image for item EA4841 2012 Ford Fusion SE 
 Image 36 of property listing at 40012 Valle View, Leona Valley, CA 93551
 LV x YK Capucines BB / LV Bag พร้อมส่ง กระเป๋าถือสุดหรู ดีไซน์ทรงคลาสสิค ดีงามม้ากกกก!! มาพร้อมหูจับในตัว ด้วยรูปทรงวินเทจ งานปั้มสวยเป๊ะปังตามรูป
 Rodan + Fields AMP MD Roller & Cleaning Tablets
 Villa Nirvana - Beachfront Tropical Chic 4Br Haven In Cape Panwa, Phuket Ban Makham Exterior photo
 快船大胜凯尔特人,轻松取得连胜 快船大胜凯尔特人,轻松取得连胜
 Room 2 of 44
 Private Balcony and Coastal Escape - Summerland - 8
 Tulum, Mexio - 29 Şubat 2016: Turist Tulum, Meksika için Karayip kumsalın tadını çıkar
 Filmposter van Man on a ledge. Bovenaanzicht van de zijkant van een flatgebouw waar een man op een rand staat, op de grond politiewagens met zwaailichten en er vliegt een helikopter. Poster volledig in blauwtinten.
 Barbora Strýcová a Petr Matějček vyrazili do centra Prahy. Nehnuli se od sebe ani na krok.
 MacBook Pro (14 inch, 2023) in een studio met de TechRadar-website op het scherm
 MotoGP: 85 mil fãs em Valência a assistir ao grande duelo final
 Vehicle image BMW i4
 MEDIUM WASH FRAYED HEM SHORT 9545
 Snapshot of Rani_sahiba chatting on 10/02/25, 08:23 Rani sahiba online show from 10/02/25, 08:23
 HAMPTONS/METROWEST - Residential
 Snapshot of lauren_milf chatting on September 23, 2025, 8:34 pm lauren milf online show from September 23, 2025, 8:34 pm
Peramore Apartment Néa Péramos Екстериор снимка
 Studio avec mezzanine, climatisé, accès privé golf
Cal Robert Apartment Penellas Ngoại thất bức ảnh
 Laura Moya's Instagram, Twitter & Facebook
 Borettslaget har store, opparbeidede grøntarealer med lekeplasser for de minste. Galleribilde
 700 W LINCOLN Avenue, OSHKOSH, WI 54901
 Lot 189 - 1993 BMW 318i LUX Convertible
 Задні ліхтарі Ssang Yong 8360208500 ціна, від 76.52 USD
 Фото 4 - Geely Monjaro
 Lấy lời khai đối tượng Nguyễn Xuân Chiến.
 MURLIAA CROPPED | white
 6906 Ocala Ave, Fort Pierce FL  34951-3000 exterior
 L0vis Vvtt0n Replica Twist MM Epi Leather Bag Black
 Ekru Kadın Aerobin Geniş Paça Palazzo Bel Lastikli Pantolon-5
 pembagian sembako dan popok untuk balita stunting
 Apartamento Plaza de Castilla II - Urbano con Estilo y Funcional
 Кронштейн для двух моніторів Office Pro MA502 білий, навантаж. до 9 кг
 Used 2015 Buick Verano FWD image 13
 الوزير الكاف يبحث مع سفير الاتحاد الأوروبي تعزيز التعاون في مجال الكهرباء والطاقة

......

Each line with the word "show" in the records above belongs in the result; copy all of them.

 Snapshot of Rani_sahiba chatting on 10/02/25, 08:23 Rani sahiba online show from 10/02/25, 08:23
 Snapshot of lauren_milf chatting on September 23, 2025, 8:34 pm lauren milf online show from September 23, 2025, 8:34 pm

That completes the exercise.